Resumable single step evals by jla-gardner · Pull Request #149 · microsoft/syntheseus

jla-gardner · 2026-02-17T16:23:12Z

This PR (attempts to) makes the syntheseus/cli/eval_single_step.py script resumable, mitigating the impact of e.g. job crashes/pre-emption.

To do this, the script now saves model inputs+outputs+information in a JSON Lines file during evaluation. Re-invoking this script after e.g. pre-emption/restarts attempts to load this file if available, and skips calling the model for any already-queried inputs.

The new output format is easier to work with than the existing stats.json files, since you can load line-by-line (see attached script and analysis for what this looks like).

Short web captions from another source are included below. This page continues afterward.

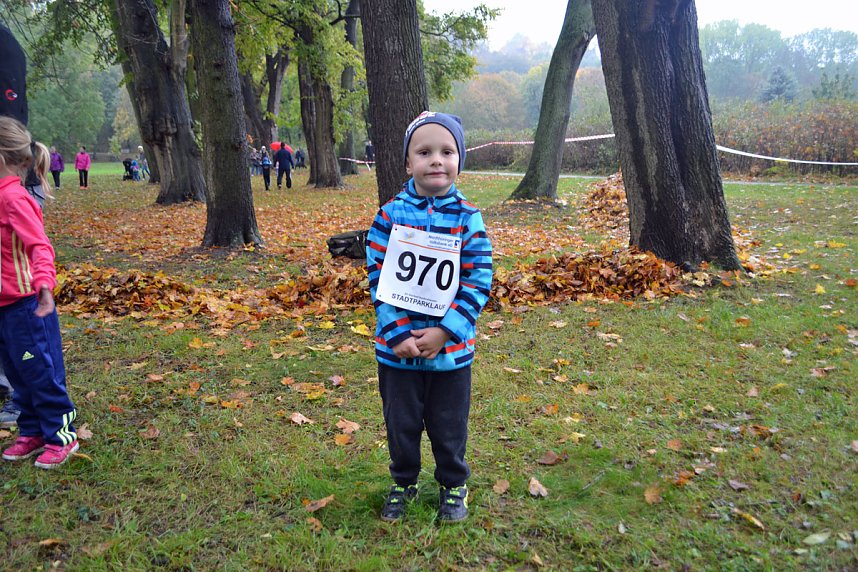 Impressionen vom 22. Stadtparklauf Sondershausen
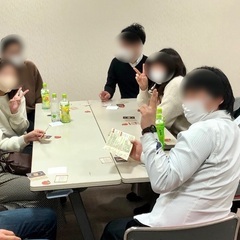 4/9（日）ゆるく楽しくボードゲームしましょ〜😊
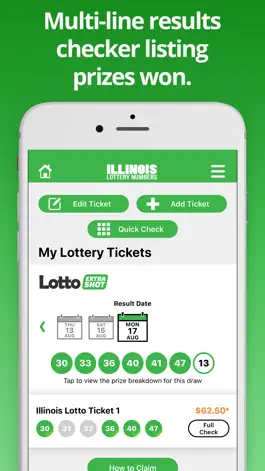Game screenshot Illinois Lottery hack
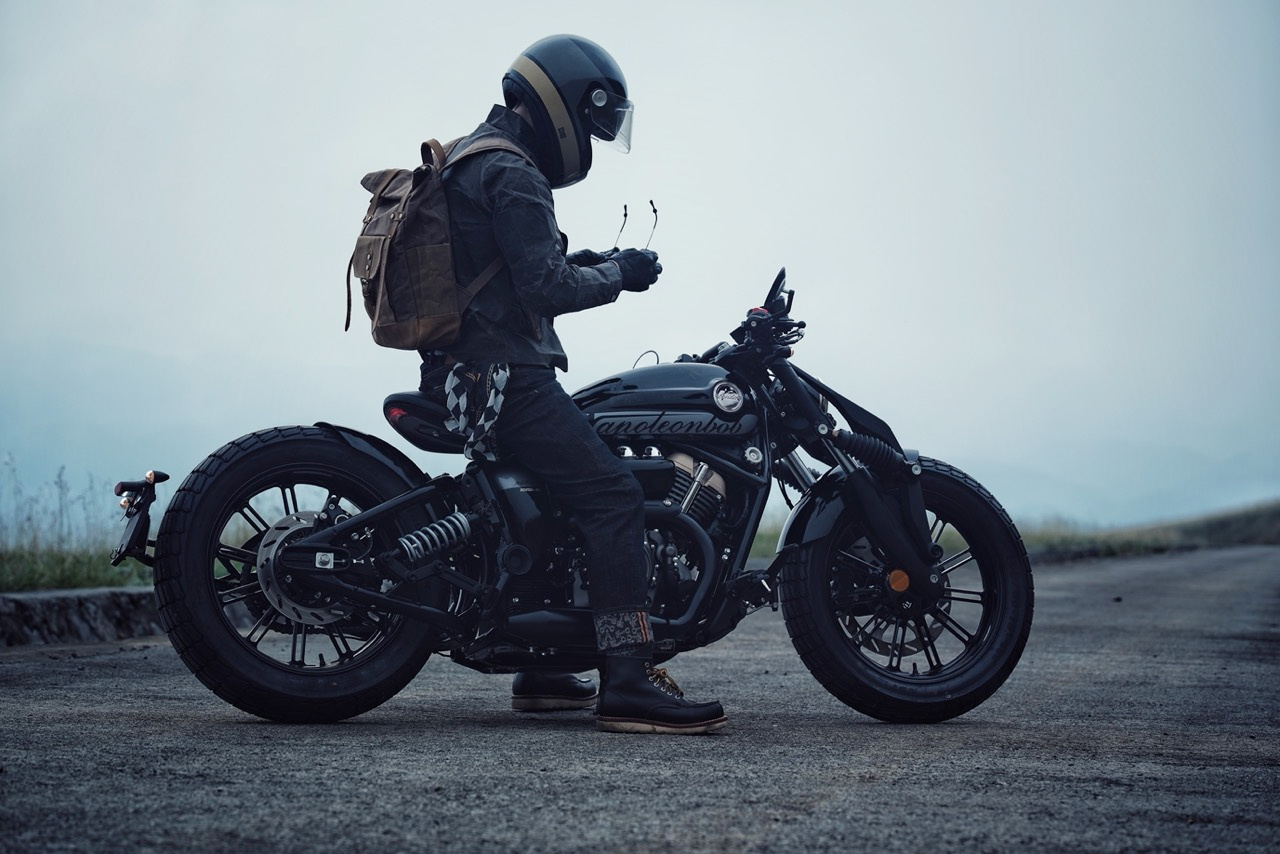 Benda Napolenon Bobber 250, Phân Phối Chính Hãng, Cao Cấp, Giá Rẻ tại Huế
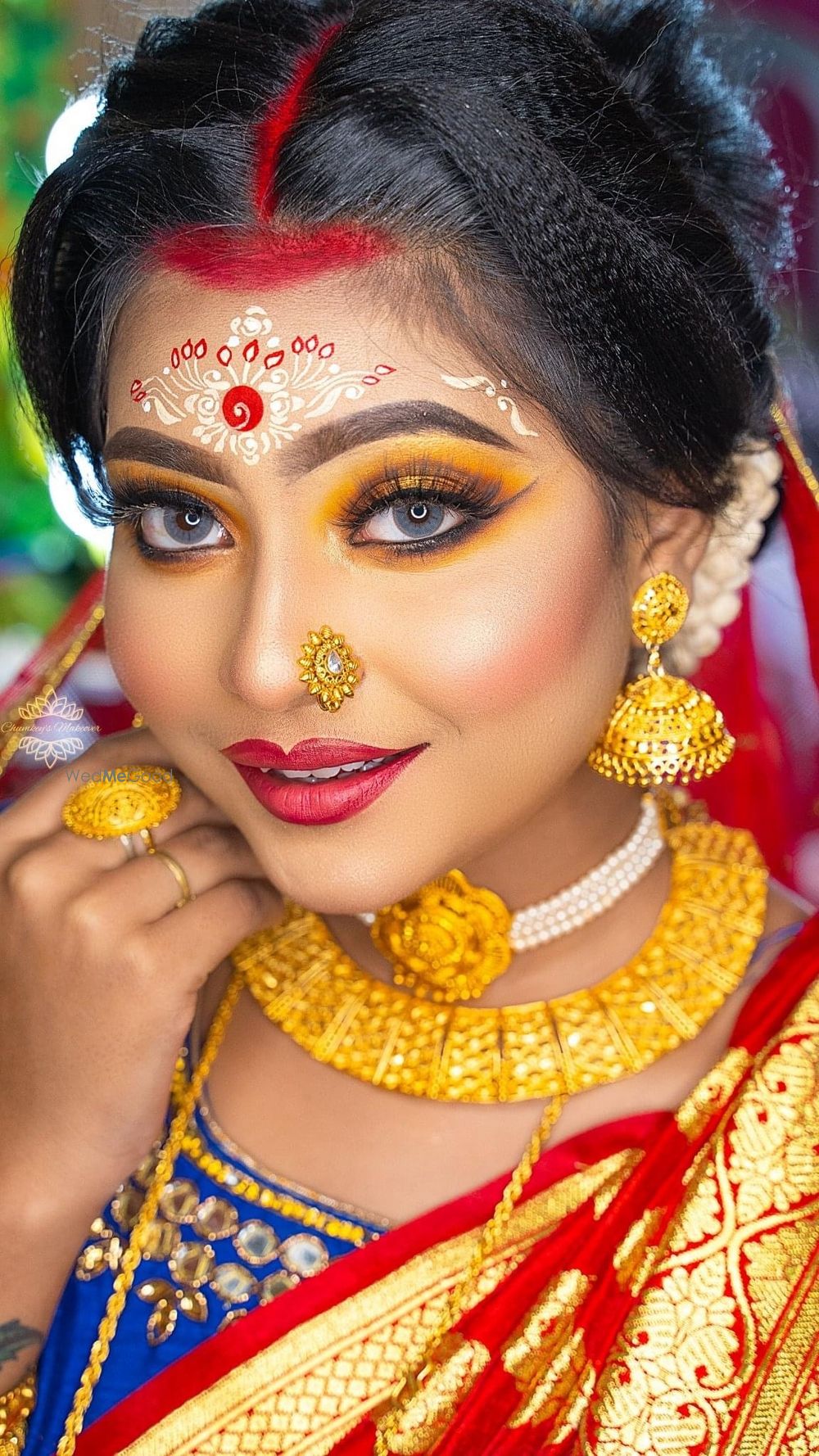 Photo By Chumkey's Makeover - Bridal Makeup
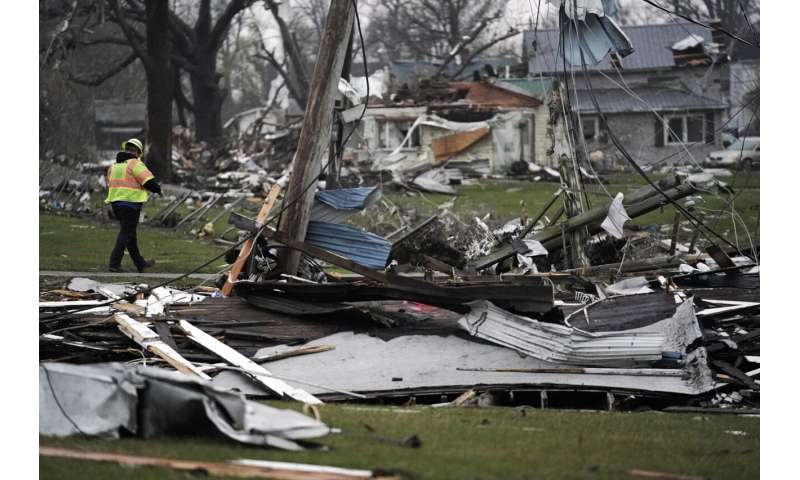 Warm Winter Fueled Midwest Tornado Outbreak: Expert Analysis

To preserve backwards compatibility, this feature is hidden behind the config.resumable flag, which is turned off by default.

Thank you to @kmaziarz for the suggested implementation.

jla-gardner · 2026-02-17T16:26:17Z

This script: demo_resume.py mocks the use of a simple model when performing single step evaluations, and shows the resumability of the process.

The raw output is:

{"input": "CN", "ground_truth": "C.N>>CN", "num_predictions": 3, "ground_truth_correct": [true, false, false], "timing": {"time_model_call": 2.1298726399739582e-05, "time_post_processing": 5.404154459635417e-06}, "predictions": ["C.N>>CN", "c1ccccc1>>CN", "NC=O>>CN"]}
{"input": "CN", "ground_truth": "NC=O>>CN", "num_predictions": 3, "ground_truth_correct": [false, false, true], "timing": {"time_model_call": 2.0265579223632812e-05, "time_post_processing": 2.9802322387695312e-06}, "predictions": ["C.N>>CN", "c1ccccc1>>CN", "NC=O>>CN"]}
{"input": "CC", "ground_truth": "C.C>>CC", "num_predictions": 3, "ground_truth_correct": [false, false, false], "timing": {"time_model_call": 2.0265579223632812e-05, "time_post_processing": 2.9802322387695312e-06}, "predictions": ["C.N>>CC", "c1ccccc1>>CC", "NC=O>>CC"]}

Parsing this into a more readable format: head -1 predictions.jsonl | python3 -m json.tool gives:

{
    "input": "CN",
    "ground_truth": "C.N>>CN",
    "num_predictions": 3,
    "ground_truth_correct": [
        true,
        false,
        false
    ],
    "timing": {
        "time_model_call": 2.1298726399739582e-05,
        "time_post_processing": 5.404154459635417e-06
    },
    "predictions": [
        "C.N>>CN",
        "c1ccccc1>>CN",
        "NC=O>>CN"
    ]
}

kmaziarz

Thanks @jla-gardner, this has been annoying me since forever 🙂 I had an initial look and left a few comments, I can have another pass later. Before merging, I will also battle-test it on an actual problematic case (i.e. eval that spans multiple days yet gets pre-empted every 12h).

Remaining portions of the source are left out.